Special to Iredell Free News
Members of the N.C. House Freedom Caucus have determined that voting machines used in the vast majority of North Carolina counties are extremely secure and cannot be hacked electronically.
Members of the Freedom Caucus met with employees of Omaha-based Elections Systems & Software earlier this week. In the 2020 elections, 94 out of 100 counties across the state used ES&S systems to conduct voting.
The Freedom Caucus learned that ES&S uses a series of three machines, with most counties using the DS200 model, to count ballots. The machines do not host modems that are hackable, nor is any of the software programmed to recognize any foreign hardware or physical tampering. The machines themselves have been built to be extremely secure, the Freedom Caucus determined.

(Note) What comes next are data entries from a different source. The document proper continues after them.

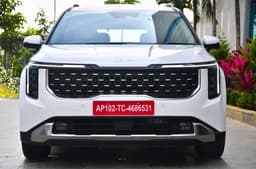 Kia Carnival front design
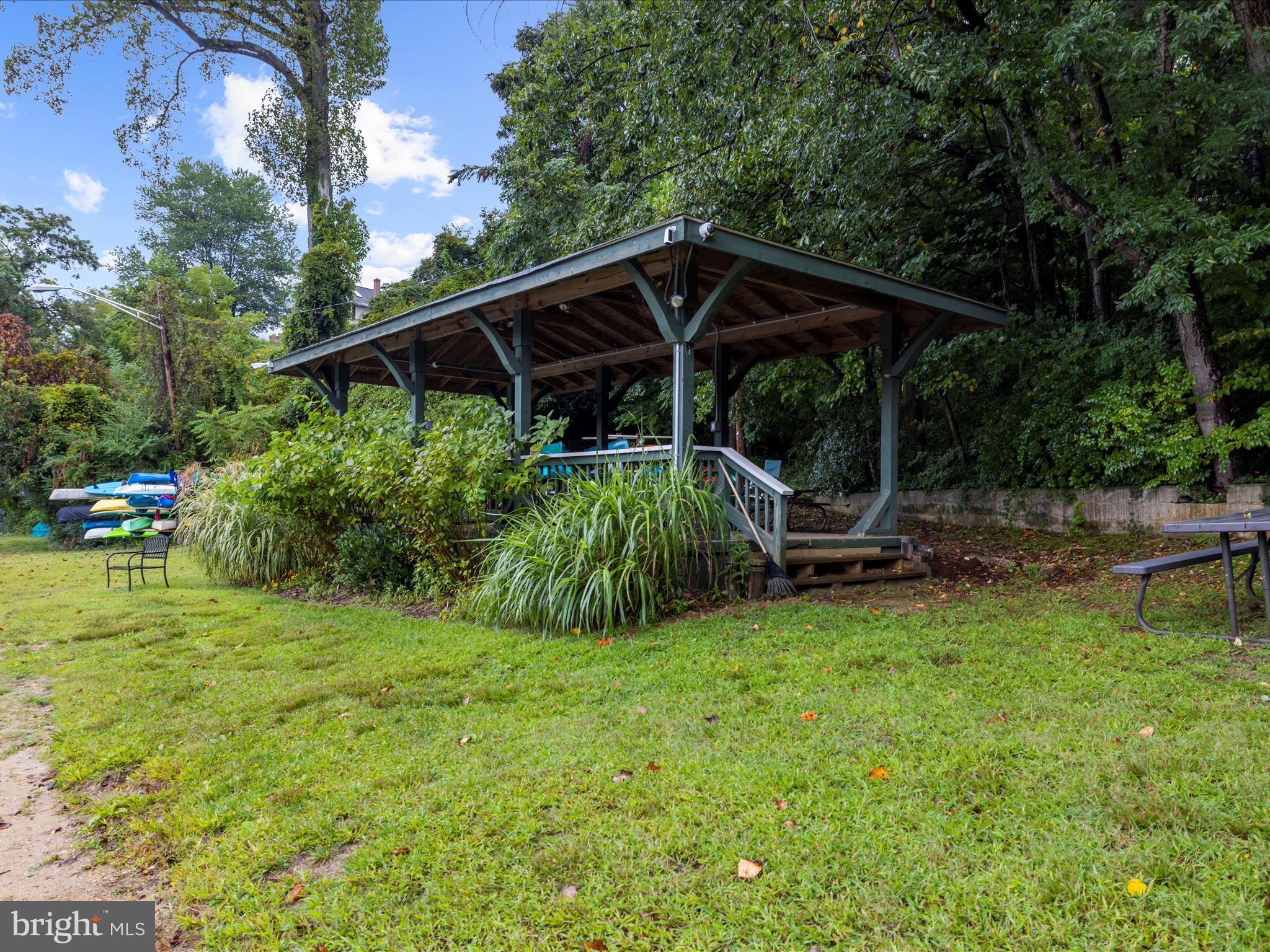 HIDDEN HILLS - Residential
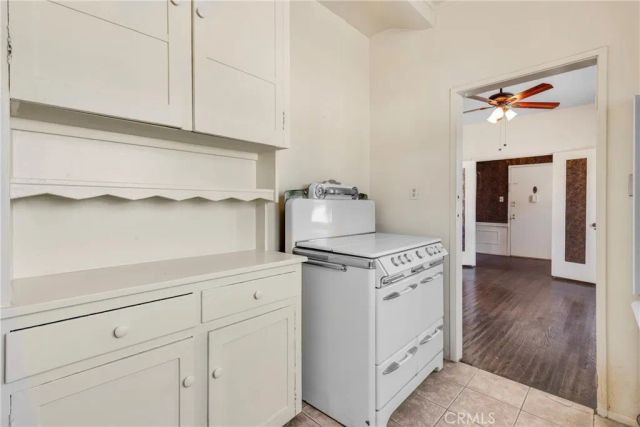 4261 Leimert Boulevard, Los Angeles, CA 90008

On Wednesday, the Freedom Caucus met to discuss its findings in front of Brian Neesby, Information Officer, and Patrick Gannon, Legal Counsel, with the N.C. State Board of Elections.
The Freedom Caucus disclosed to these NCSBE representatives that a subpoena will be ordered with the intention to visit a local precinct, selected at random, to investigate whether or not specific machines are being tampered with.
The Freedom Caucus has cleared ES&S of any liabilities and will continue investigating the NCSBE to identify potential compromises in the security of the state’s elections systems.
“I am confident the issue is not with the machines,” said Rep. Keith Kidwell. “The state is doing it’s job and the equipment is secure. The issue overall is with our Board of Election’s transparency.”